→ **ACTION ITEM**
The records below should be printed once more, exactly as they appear.

──────────

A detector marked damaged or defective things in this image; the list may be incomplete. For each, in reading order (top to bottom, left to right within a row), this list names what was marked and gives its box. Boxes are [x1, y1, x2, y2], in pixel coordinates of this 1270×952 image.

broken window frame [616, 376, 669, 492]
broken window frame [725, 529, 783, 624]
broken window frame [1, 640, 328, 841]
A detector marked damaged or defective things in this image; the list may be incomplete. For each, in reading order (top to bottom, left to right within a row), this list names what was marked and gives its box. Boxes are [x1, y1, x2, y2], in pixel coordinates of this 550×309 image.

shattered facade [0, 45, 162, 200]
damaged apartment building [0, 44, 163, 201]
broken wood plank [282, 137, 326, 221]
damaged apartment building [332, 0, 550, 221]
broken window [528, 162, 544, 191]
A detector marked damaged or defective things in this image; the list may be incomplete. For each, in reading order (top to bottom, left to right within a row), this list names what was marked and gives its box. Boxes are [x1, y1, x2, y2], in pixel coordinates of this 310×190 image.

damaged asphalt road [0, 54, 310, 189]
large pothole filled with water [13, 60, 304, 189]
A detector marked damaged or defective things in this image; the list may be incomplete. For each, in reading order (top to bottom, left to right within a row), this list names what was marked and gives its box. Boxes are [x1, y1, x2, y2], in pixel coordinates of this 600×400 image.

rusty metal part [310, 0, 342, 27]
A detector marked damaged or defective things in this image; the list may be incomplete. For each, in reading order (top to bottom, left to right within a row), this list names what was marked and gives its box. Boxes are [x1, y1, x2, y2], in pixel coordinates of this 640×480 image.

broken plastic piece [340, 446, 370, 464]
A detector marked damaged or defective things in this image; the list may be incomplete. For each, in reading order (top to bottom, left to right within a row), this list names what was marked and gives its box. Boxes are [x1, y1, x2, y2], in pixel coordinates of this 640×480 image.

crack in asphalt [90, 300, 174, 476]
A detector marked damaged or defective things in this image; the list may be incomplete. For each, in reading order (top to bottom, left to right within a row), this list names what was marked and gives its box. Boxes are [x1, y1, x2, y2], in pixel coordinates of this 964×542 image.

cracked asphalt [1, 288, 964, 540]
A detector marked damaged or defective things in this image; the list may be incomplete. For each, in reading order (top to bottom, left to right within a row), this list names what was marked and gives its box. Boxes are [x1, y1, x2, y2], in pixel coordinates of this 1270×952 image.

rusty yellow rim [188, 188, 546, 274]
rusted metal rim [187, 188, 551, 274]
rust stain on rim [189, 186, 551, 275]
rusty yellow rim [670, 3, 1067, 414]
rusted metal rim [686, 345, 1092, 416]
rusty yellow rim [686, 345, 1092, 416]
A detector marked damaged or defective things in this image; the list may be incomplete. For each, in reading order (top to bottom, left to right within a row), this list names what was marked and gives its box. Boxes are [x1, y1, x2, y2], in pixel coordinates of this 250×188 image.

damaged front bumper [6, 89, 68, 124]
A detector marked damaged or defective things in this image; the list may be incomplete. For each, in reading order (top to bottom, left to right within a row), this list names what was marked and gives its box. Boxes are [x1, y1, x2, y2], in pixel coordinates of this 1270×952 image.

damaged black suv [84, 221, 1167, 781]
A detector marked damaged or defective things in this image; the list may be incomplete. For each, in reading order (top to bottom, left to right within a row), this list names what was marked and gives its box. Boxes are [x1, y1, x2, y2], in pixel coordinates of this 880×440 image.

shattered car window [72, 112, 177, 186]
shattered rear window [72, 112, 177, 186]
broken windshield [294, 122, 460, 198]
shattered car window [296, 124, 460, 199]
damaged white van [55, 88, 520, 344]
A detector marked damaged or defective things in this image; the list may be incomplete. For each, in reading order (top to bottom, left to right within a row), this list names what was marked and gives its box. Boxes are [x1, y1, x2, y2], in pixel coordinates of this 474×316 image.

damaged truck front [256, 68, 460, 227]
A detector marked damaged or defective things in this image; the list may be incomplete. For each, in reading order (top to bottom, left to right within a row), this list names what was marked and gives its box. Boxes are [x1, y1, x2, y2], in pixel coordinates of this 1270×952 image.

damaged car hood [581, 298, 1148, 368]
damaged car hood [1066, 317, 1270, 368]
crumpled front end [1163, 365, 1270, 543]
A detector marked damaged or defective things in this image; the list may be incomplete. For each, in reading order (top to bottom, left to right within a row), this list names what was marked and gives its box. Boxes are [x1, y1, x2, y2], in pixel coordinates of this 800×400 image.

──────────

→ **OUTPUT FOR THIS TASK**
A detector marked damaged or defective things in this image; the list may be incomplete. For each, in reading order (top to bottom, left to right within a row), this list names what was marked and gives its box. Boxes are [x1, y1, x2, y2], in pixel coordinates of this 1270×952 image.

broken window frame [616, 376, 669, 492]
broken window frame [725, 529, 783, 624]
broken window frame [1, 640, 328, 841]
A detector marked damaged or defective things in this image; the list may be incomplete. For each, in reading order (top to bottom, left to right within a row), this list names what was marked and gives its box. Boxes are [x1, y1, x2, y2], in pixel coordinates of this 550×309 image.

shattered facade [0, 45, 162, 200]
damaged apartment building [0, 44, 163, 201]
broken wood plank [282, 137, 326, 221]
damaged apartment building [332, 0, 550, 221]
broken window [528, 162, 544, 191]
A detector marked damaged or defective things in this image; the list may be incomplete. For each, in reading order (top to bottom, left to right within a row), this list names what was marked and gives its box. Boxes are [x1, y1, x2, y2], in pixel coordinates of this 310×190 image.

damaged asphalt road [0, 54, 310, 189]
large pothole filled with water [13, 60, 304, 189]
A detector marked damaged or defective things in this image; the list may be incomplete. For each, in reading order (top to bottom, left to right within a row), this list names what was marked and gives its box. Boxes are [x1, y1, x2, y2], in pixel coordinates of this 600×400 image.

rusty metal part [310, 0, 342, 27]
A detector marked damaged or defective things in this image; the list may be incomplete. For each, in reading order (top to bottom, left to right within a row), this list names what was marked and gives its box. Boxes are [x1, y1, x2, y2], in pixel coordinates of this 640×480 image.

broken plastic piece [340, 446, 370, 464]
A detector marked damaged or defective things in this image; the list may be incomplete. For each, in reading order (top to bottom, left to right within a row), this list names what was marked and gives its box. Boxes are [x1, y1, x2, y2], in pixel coordinates of this 640×480 image.

crack in asphalt [90, 300, 174, 476]
A detector marked damaged or defective things in this image; the list may be incomplete. For each, in reading order (top to bottom, left to right within a row), this list names what was marked and gives its box. Boxes are [x1, y1, x2, y2], in pixel coordinates of this 964×542 image.

cracked asphalt [1, 288, 964, 540]
A detector marked damaged or defective things in this image; the list may be incomplete. For each, in reading order (top to bottom, left to right within a row), this list names what was marked and gives its box. Boxes are [x1, y1, x2, y2], in pixel coordinates of this 1270×952 image.

rusty yellow rim [188, 188, 546, 274]
rusted metal rim [187, 188, 551, 274]
rust stain on rim [189, 186, 551, 275]
rusty yellow rim [670, 3, 1067, 414]
rusted metal rim [686, 345, 1092, 416]
rusty yellow rim [686, 345, 1092, 416]
A detector marked damaged or defective things in this image; the list may be incomplete. For each, in reading order (top to bottom, left to right within a row), this list names what was marked and gives its box. Boxes are [x1, y1, x2, y2], in pixel coordinates of this 250×188 image.

damaged front bumper [6, 89, 68, 124]
A detector marked damaged or defective things in this image; the list may be incomplete. For each, in reading order (top to bottom, left to right within a row), this list names what was marked and gives its box. Boxes are [x1, y1, x2, y2], in pixel coordinates of this 1270×952 image.

damaged black suv [84, 221, 1167, 781]
A detector marked damaged or defective things in this image; the list may be incomplete. For each, in reading order (top to bottom, left to right within a row), this list names what was marked and gives its box. Boxes are [x1, y1, x2, y2], in pixel coordinates of this 880×440 image.

shattered car window [72, 112, 177, 186]
shattered rear window [72, 112, 177, 186]
broken windshield [294, 122, 460, 198]
shattered car window [296, 124, 460, 199]
damaged white van [55, 88, 520, 344]
A detector marked damaged or defective things in this image; the list may be incomplete. For each, in reading order (top to bottom, left to right within a row), this list names what was marked and gives its box. Boxes are [x1, y1, x2, y2], in pixel coordinates of this 474×316 image.

damaged truck front [256, 68, 460, 227]
A detector marked damaged or defective things in this image; the list may be incomplete. For each, in reading order (top to bottom, left to right within a row), this list names what was marked and gives its box. Boxes are [x1, y1, x2, y2], in pixel coordinates of this 1270×952 image.

damaged car hood [581, 298, 1148, 368]
damaged car hood [1066, 317, 1270, 368]
crumpled front end [1163, 365, 1270, 543]
A detector marked damaged or defective things in this image; the list may be incomplete. For each, in reading order (top to bottom, left to right within a row), this list names what was marked and gives its box. Boxes are [x1, y1, x2, y2], in pixel coordinates of this 800×400 image.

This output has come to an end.